Thaw shrimp, if frozen. Peel and devein shrimp, leaving tails intact if desired. Rinse shrimp; pat dry with paper towels.

In a medium skillet, cook flour over medium heat about 6 minutes or until brown, stirring often.

Transfer to a medium bowl; set aside.

In a 4-quart Dutch oven, heat oil over medium heat.

Add onion, sweet pepper, celery, and garlic; cook and stir about 5 minutes or until tender.

Slowly whisk broth into browned flour.

Add broth mixture, water, and Cajun Spice Mix to Dutch oven. Stir in okra.

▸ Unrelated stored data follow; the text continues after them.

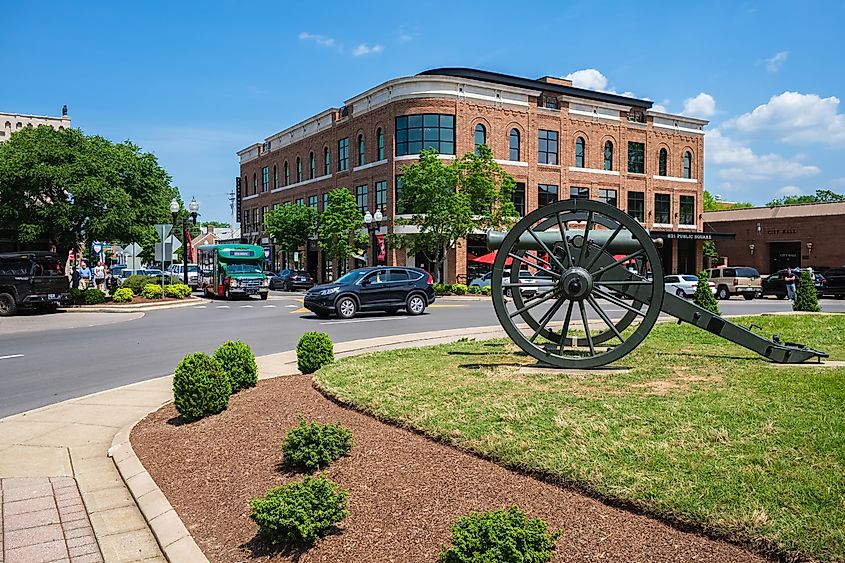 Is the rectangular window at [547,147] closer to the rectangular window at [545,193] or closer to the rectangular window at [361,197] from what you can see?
the rectangular window at [545,193]

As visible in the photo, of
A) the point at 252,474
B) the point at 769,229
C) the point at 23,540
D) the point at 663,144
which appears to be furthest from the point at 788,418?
the point at 769,229

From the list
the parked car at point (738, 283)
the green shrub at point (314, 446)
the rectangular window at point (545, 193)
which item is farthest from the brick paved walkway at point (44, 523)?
the rectangular window at point (545, 193)

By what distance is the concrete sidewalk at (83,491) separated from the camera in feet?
15.6

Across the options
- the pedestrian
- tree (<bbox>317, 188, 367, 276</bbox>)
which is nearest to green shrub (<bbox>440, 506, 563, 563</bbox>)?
the pedestrian

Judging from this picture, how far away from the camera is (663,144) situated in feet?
179

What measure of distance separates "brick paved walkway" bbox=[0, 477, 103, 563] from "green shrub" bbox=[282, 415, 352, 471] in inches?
60.7

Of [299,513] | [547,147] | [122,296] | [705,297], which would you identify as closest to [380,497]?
[299,513]

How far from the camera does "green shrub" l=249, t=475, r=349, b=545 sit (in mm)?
4281

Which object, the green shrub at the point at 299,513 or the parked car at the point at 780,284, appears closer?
the green shrub at the point at 299,513

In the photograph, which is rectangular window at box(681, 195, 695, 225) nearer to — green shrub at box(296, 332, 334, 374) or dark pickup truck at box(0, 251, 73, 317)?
dark pickup truck at box(0, 251, 73, 317)

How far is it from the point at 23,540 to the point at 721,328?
8.19 meters

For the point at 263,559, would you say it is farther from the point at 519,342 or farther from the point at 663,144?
the point at 663,144

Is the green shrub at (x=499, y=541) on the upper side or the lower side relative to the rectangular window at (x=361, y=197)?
lower

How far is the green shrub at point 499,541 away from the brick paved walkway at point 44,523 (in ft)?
8.50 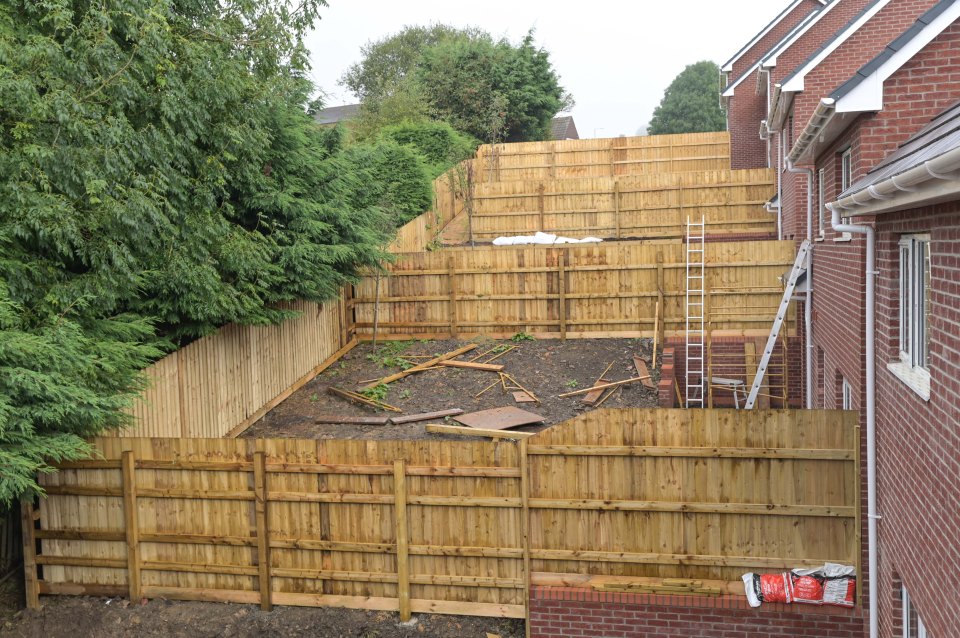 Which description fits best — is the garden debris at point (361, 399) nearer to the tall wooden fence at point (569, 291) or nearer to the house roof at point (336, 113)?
the tall wooden fence at point (569, 291)

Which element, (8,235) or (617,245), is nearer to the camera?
(8,235)

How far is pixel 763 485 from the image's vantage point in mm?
8703

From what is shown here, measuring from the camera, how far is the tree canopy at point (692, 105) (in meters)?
86.1

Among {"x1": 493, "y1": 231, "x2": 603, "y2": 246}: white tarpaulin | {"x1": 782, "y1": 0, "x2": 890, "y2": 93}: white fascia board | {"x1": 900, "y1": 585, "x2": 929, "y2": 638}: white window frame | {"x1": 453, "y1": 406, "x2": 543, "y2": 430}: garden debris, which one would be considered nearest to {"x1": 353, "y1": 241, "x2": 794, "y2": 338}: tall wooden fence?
{"x1": 782, "y1": 0, "x2": 890, "y2": 93}: white fascia board

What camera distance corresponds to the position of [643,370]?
17750 mm

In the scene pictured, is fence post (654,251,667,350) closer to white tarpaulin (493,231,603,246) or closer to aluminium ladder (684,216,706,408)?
aluminium ladder (684,216,706,408)

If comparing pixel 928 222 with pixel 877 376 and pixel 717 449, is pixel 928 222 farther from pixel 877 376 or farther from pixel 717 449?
pixel 717 449

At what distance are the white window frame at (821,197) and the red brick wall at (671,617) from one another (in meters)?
5.85

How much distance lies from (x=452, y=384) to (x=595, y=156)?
22417mm

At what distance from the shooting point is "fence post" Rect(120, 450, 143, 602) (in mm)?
9828

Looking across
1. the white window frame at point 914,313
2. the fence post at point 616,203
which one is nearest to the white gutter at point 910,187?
the white window frame at point 914,313

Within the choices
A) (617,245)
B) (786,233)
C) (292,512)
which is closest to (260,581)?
(292,512)

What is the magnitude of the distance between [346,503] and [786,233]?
14791 mm

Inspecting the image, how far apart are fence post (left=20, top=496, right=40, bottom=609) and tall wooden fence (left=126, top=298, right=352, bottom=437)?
159cm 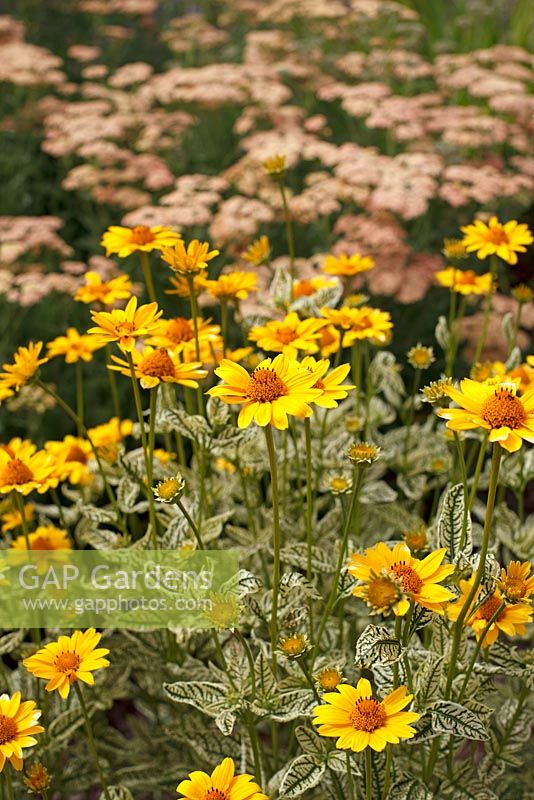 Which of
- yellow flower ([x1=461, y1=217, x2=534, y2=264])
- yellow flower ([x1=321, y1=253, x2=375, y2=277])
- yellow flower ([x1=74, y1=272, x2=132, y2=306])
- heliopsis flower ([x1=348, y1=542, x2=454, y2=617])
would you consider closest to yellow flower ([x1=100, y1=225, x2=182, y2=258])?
yellow flower ([x1=74, y1=272, x2=132, y2=306])

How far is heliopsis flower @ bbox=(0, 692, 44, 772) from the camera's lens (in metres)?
1.02

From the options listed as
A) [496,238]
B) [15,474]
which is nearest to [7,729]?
[15,474]

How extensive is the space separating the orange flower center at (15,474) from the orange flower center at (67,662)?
30 centimetres

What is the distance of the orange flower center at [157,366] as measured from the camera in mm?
1149

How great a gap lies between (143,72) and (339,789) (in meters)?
3.11

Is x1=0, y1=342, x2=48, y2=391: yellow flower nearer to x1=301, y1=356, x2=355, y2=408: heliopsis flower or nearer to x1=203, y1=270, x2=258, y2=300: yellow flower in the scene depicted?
x1=203, y1=270, x2=258, y2=300: yellow flower

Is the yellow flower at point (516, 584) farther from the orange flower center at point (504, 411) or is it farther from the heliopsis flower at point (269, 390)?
the heliopsis flower at point (269, 390)

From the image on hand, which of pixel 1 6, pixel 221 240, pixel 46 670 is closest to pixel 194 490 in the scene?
pixel 46 670

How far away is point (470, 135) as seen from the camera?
2.92 meters

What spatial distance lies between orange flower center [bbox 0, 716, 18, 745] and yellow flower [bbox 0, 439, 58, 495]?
0.33 m

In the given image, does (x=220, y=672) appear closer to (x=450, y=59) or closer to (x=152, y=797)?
(x=152, y=797)

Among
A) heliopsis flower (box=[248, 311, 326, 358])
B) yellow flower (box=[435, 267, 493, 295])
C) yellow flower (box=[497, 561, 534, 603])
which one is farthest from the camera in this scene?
yellow flower (box=[435, 267, 493, 295])

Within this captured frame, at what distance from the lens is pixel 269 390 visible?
986mm

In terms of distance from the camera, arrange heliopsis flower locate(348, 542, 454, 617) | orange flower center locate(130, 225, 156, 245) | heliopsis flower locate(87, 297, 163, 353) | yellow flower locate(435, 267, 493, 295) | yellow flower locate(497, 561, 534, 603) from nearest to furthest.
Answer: heliopsis flower locate(348, 542, 454, 617) → yellow flower locate(497, 561, 534, 603) → heliopsis flower locate(87, 297, 163, 353) → orange flower center locate(130, 225, 156, 245) → yellow flower locate(435, 267, 493, 295) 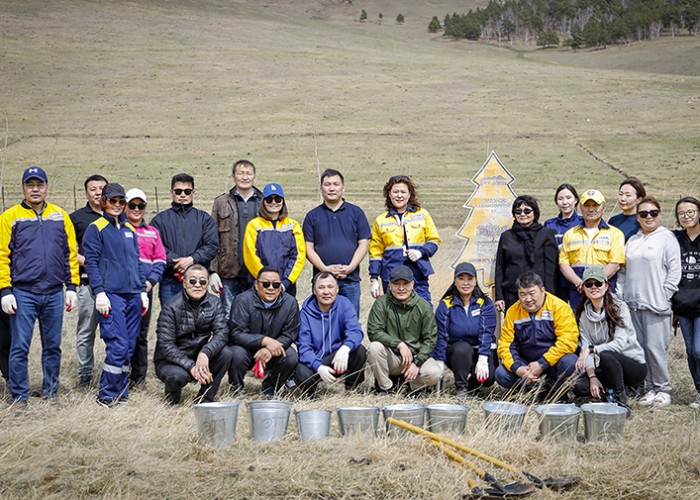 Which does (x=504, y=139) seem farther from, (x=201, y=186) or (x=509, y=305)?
(x=509, y=305)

Bring to boiling; reduce heat. Cover and simmer for 15 minutes.

Add shrimp; cook for 2 to 3 minutes or until shrimp is pink.

To Serve: spoon gumbo into 8 bowls and top each serving with rice, a shrimp, and a green onion, if desired. If desired, pass hot pepper sauce.

Makes 8 (1-1/4 cups gumbo plus 1/3 cup rice) servings.

Cajun Spice Mix:

In a small bowl, combine 1/2 tsp. dried thyme, crushed; 1/4 tsp. ground white pepper; 1/4 tsp. salt; 1/4 tsp. ground black pepper; and 1/4 tsp. crushed red pepper.